[Excerpted records — start]

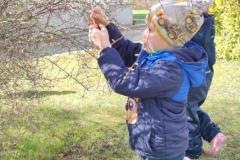 IMG_20250408_104257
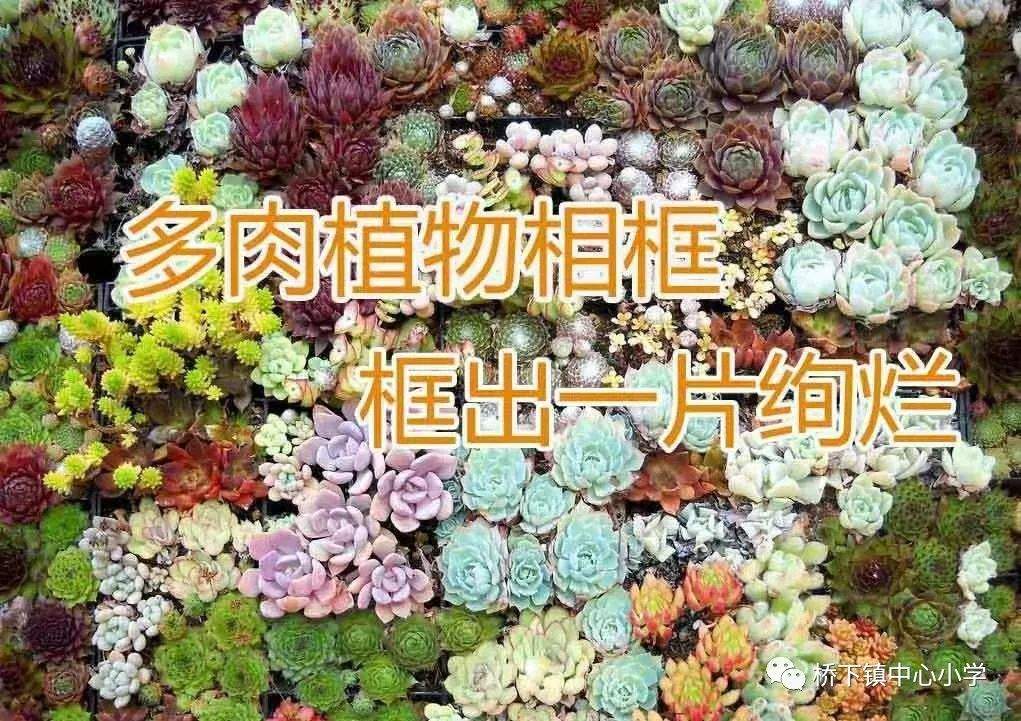 【温馨工会】桥下中心庆祝“3.8妇女节”活动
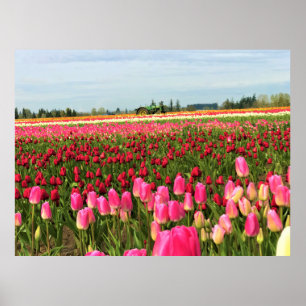 Póster Tractor Verde en el Campo Tulip, Oregón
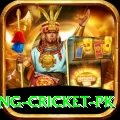 make money betting cricket pk VIP Pro v2.2.5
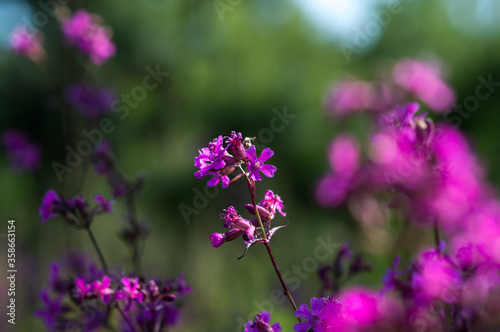 purple wildflowers grow in summer in green grass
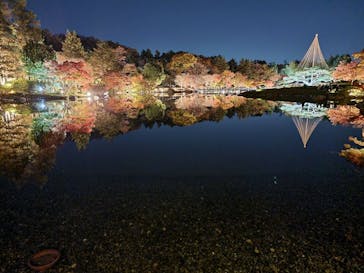 国営昭和記念公園 秋の夜散歩に投稿された画像（2025/11/21）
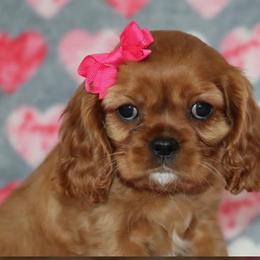 Cavalier King Charles Spaniel Puppies from Angels Ridge Cavaliers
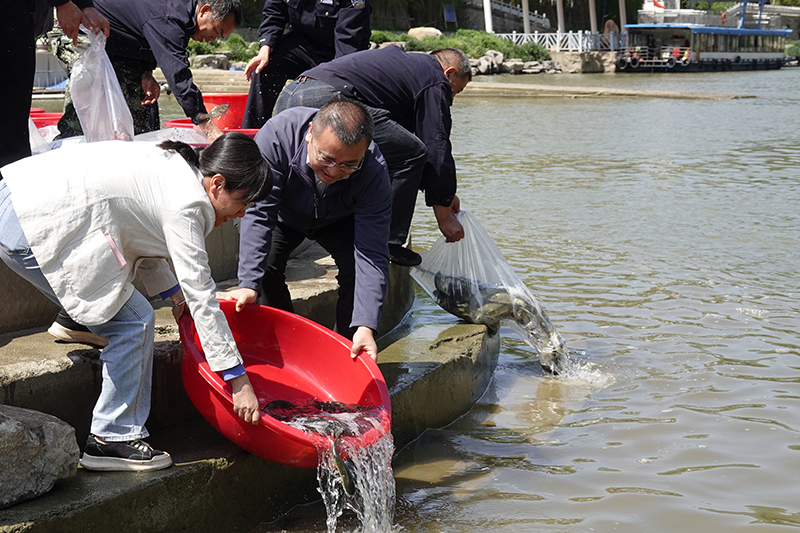 阳朔启动2023年禁渔期专项执法行动月活动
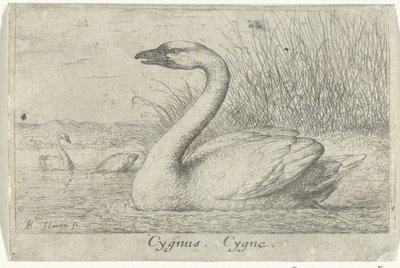 Kuğu ile manzara Kuğu. Cygne. (nesne üzerindeki başlık) On üç kuş türü (dizi başlığı) Diuersae Auium Specie (seri başlığı) by Albert Flamen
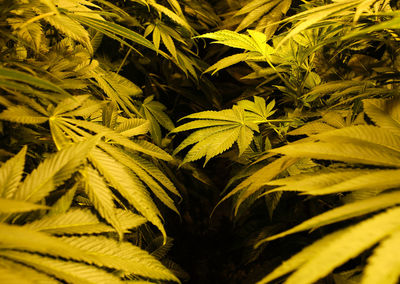 Illegal marijuana planting indoors at home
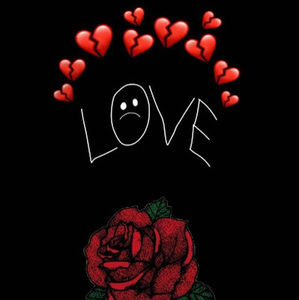 Meet your Posher, Izzy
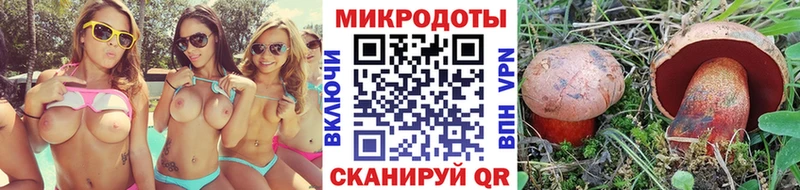 Купить закладки  Павловск  Псилоцибиновые грибы ЛСД 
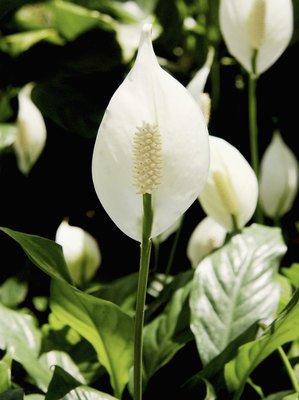Medioimages/Photodisc/Photodisc/Getty Images Peace lilies are poisonous to dogs and cats.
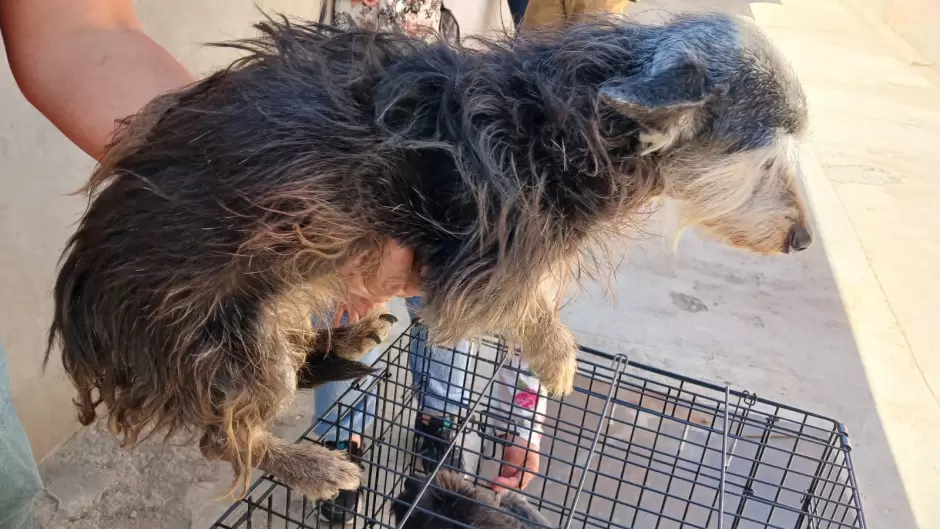 Rescate de caninos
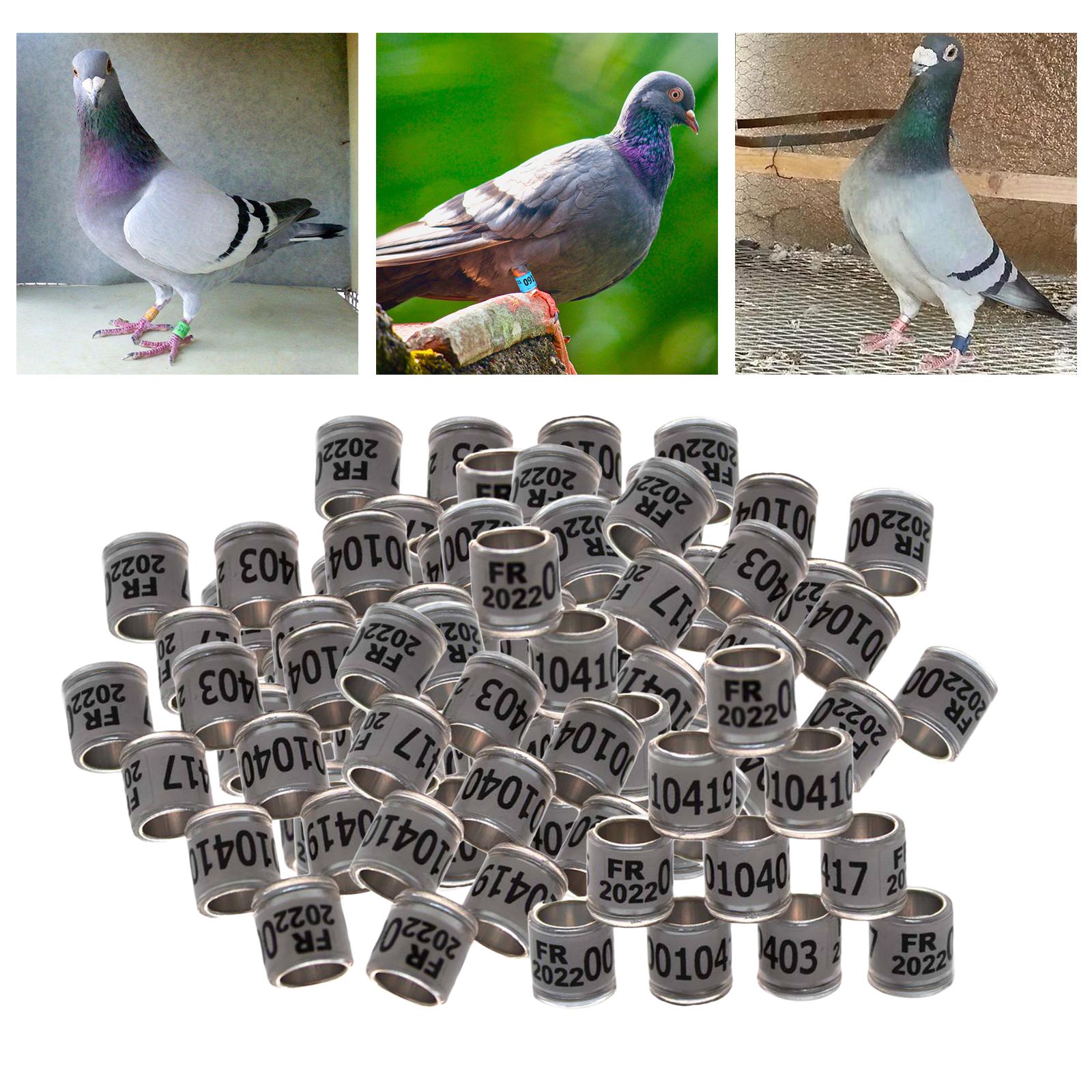 100Pcs 2022 Aluminium Dove Racing Pigeon Foot Rings Bands 8mm White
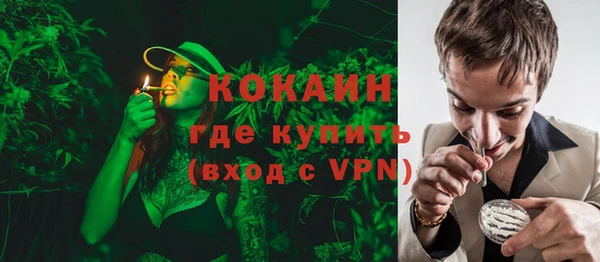 шишки Козельск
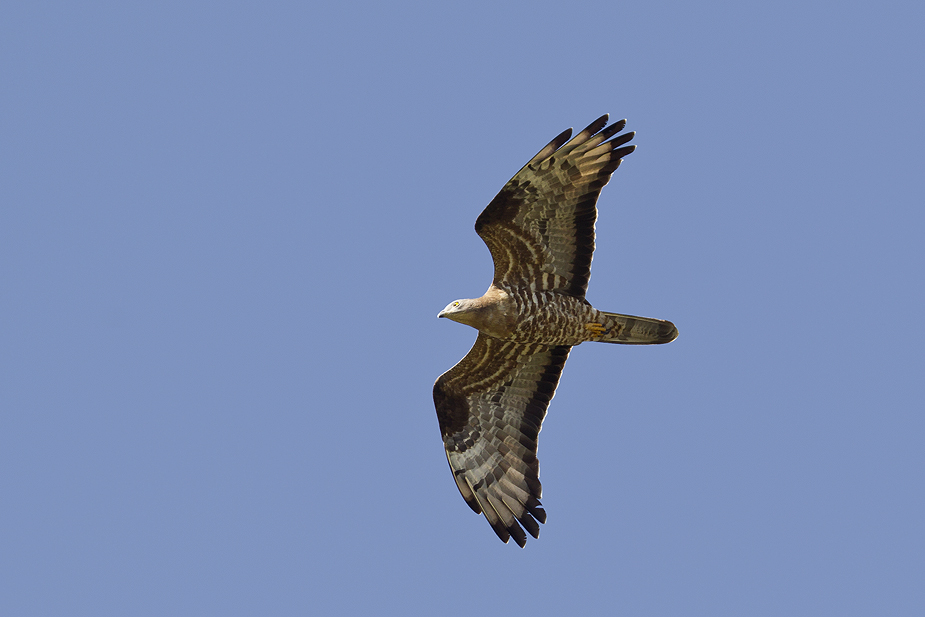 Fugl-Pernis apivorus_5244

[Excerpted records — finish]

### Your objective:
The lines to retype begin with the one containing "国営昭和記念公園 秋の夜散歩に投稿された画像（2025/11/21）" and end with the last line of the records. Reproduce them exactly and omit the pictures.

### Solution:
 国営昭和記念公園 秋の夜散歩に投稿された画像（2025/11/21）
 Cavalier King Charles Spaniel Puppies from Angels Ridge Cavaliers
 阳朔启动2023年禁渔期专项执法行动月活动
 Kuğu ile manzara Kuğu. Cygne. (nesne üzerindeki başlık) On üç kuş türü (dizi başlığı) Diuersae Auium Specie (seri başlığı) by Albert Flamen
 Illegal marijuana planting indoors at home
 Meet your Posher, Izzy
 Купить закладки  Павловск  Псилоцибиновые грибы ЛСД 
Medioimages/Photodisc/Photodisc/Getty Images Peace lilies are poisonous to dogs and cats.
 Rescate de caninos
 100Pcs 2022 Aluminium Dove Racing Pigeon Foot Rings Bands 8mm White
 шишки Козельск
 Fugl-Pernis apivorus_5244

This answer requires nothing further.